- Work to complete:
Please transcribe exactly, and only, the lines of the data below between the line holding "Two expeditioners on rocky terrain" and the line holding "Three gingerbread bites", inclusive.

───

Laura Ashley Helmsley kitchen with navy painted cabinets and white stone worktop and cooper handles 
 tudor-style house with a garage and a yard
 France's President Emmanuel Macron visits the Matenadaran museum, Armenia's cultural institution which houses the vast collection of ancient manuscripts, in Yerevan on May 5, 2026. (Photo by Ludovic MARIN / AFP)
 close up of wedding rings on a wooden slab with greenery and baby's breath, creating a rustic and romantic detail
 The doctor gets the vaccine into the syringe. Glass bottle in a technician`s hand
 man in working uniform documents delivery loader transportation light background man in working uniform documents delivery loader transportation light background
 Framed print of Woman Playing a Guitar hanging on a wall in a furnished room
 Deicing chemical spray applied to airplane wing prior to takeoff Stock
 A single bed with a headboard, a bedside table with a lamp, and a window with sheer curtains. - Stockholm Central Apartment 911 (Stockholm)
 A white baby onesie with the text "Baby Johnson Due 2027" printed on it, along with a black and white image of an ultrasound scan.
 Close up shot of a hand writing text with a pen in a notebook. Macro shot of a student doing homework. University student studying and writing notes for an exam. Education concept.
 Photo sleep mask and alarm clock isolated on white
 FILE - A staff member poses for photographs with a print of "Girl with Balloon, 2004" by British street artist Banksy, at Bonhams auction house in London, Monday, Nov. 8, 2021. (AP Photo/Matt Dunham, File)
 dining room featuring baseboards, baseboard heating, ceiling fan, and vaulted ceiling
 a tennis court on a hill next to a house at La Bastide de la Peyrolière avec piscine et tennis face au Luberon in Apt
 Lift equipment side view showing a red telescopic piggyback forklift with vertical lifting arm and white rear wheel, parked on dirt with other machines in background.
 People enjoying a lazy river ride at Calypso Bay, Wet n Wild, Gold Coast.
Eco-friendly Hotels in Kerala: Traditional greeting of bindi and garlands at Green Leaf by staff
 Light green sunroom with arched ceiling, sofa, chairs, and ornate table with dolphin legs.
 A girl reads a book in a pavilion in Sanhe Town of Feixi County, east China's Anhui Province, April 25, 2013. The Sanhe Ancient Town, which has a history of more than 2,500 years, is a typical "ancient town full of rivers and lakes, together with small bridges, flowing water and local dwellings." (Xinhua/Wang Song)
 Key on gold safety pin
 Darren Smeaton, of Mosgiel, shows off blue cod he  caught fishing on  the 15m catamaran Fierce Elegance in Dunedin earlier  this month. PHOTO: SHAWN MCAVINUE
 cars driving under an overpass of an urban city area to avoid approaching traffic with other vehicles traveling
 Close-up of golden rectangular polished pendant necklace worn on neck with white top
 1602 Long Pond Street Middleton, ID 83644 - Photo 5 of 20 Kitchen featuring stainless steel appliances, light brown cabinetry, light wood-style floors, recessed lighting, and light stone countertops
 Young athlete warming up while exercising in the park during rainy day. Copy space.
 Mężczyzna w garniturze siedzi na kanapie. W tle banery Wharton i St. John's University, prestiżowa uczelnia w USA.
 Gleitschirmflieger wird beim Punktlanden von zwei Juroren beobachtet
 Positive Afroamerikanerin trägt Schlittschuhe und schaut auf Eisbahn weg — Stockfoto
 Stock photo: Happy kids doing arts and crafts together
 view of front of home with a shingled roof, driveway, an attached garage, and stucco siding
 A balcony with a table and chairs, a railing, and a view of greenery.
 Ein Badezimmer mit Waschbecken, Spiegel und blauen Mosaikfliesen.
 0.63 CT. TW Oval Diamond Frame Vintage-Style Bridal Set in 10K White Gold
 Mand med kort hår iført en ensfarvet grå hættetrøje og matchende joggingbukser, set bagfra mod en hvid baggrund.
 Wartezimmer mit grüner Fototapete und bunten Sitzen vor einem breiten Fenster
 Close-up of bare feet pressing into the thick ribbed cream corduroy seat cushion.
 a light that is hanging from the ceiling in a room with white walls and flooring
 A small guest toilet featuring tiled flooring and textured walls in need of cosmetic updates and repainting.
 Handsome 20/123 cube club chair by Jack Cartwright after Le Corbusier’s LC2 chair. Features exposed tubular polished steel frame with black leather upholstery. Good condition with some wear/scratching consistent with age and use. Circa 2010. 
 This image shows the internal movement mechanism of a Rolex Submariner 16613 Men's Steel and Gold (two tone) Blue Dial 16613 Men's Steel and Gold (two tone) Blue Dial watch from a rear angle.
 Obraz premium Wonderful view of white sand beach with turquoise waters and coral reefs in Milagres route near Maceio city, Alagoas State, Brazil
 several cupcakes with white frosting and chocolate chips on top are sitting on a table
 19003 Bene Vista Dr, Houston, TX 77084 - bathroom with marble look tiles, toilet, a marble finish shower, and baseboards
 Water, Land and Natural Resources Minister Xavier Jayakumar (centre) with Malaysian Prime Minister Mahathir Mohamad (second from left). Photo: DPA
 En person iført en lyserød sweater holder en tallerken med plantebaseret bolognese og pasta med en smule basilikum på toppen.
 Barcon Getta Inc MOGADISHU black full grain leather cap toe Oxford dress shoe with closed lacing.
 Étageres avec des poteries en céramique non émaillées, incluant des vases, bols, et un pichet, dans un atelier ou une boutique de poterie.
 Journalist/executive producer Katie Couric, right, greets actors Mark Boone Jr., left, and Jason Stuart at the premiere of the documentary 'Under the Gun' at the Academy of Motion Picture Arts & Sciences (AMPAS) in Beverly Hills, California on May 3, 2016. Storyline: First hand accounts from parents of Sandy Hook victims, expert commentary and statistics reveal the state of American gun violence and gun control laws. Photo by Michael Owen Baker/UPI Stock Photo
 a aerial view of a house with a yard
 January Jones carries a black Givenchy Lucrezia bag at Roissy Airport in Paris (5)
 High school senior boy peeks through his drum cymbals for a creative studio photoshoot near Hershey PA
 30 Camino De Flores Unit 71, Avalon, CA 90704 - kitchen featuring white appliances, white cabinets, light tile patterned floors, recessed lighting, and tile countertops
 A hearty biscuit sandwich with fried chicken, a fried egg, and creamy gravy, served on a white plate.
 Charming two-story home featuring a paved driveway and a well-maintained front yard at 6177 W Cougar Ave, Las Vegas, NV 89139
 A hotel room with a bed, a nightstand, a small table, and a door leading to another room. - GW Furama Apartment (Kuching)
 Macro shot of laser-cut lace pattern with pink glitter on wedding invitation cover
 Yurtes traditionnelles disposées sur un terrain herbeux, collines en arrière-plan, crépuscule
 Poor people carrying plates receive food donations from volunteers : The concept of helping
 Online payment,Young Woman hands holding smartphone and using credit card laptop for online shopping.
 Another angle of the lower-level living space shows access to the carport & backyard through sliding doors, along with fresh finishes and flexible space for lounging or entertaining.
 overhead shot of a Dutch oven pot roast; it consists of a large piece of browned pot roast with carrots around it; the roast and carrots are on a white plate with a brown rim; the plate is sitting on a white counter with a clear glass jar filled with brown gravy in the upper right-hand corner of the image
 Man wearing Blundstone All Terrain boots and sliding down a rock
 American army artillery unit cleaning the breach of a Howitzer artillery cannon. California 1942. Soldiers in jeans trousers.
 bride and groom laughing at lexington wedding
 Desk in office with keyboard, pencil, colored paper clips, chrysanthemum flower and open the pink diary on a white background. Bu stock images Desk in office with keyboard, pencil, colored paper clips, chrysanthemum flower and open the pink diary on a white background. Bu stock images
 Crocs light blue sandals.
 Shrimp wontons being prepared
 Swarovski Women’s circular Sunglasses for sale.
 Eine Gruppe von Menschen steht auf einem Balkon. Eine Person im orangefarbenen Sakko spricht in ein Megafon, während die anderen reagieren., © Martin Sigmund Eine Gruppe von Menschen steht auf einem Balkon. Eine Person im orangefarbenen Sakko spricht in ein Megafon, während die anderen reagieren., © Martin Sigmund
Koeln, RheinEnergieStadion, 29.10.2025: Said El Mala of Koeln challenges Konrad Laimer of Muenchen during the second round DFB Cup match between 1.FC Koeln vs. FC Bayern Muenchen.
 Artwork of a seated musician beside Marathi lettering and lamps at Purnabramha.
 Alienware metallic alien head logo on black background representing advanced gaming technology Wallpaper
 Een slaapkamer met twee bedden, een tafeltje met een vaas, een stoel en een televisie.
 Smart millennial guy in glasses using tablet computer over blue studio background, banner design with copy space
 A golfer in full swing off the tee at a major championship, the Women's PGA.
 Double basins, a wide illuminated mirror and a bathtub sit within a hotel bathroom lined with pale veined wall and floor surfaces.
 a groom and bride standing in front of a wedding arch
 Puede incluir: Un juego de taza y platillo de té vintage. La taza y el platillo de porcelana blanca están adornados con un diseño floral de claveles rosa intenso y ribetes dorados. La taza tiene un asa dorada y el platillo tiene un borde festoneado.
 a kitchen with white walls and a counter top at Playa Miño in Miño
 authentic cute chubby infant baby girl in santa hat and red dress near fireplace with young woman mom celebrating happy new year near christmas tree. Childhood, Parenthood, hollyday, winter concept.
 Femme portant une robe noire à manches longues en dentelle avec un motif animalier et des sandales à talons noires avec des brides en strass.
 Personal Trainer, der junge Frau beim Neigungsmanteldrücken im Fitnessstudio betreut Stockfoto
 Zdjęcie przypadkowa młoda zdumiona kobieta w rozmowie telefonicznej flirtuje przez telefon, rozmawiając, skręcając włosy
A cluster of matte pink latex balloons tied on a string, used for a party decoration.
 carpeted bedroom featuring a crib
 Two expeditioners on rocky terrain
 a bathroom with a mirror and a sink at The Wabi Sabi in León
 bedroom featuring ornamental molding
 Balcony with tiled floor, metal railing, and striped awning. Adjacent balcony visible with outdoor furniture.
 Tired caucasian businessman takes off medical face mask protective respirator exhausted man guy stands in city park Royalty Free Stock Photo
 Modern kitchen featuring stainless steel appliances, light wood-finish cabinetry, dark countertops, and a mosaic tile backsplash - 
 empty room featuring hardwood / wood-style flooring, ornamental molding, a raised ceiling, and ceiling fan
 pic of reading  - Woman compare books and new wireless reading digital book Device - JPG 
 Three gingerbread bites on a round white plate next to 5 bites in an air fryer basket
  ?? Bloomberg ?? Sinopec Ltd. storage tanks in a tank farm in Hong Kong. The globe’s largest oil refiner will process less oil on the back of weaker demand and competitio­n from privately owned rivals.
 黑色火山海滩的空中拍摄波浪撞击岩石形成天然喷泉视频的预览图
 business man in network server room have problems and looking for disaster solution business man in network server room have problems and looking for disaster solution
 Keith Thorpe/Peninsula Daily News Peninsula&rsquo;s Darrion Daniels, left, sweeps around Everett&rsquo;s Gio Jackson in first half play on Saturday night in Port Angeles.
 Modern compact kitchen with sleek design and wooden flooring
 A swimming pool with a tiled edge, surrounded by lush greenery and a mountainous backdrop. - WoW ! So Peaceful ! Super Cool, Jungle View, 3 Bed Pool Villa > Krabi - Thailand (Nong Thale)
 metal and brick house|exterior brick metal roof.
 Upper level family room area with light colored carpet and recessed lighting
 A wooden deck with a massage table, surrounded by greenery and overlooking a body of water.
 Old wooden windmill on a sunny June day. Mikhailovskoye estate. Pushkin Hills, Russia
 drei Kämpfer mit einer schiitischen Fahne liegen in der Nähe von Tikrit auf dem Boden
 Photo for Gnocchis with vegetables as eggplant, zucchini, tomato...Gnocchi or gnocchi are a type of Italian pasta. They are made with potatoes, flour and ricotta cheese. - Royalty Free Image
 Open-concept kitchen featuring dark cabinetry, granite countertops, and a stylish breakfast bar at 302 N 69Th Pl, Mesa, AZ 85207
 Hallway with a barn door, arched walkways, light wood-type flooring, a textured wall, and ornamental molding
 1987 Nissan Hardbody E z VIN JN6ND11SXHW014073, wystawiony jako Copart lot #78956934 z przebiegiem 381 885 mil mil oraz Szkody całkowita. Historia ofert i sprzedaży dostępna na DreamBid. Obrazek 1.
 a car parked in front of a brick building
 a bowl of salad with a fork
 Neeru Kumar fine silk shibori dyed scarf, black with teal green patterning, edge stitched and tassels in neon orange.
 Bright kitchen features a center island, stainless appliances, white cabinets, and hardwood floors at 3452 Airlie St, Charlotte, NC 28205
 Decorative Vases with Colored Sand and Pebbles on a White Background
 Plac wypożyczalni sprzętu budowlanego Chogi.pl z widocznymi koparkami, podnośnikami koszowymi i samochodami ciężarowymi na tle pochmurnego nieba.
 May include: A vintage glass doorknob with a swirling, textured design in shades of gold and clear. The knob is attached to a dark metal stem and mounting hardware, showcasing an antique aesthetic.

───

- Written answer:
 Two expeditioners on rocky terrain
 a bathroom with a mirror and a sink at The Wabi Sabi in León
 bedroom featuring ornamental molding
 Balcony with tiled floor, metal railing, and striped awning. Adjacent balcony visible with outdoor furniture.
 Tired caucasian businessman takes off medical face mask protective respirator exhausted man guy stands in city park Royalty Free Stock Photo
 Modern kitchen featuring stainless steel appliances, light wood-finish cabinetry, dark countertops, and a mosaic tile backsplash - 
 empty room featuring hardwood / wood-style flooring, ornamental molding, a raised ceiling, and ceiling fan
 pic of reading  - Woman compare books and new wireless reading digital book Device - JPG 
 Three gingerbread bites on a round white plate next to 5 bites in an air fryer basket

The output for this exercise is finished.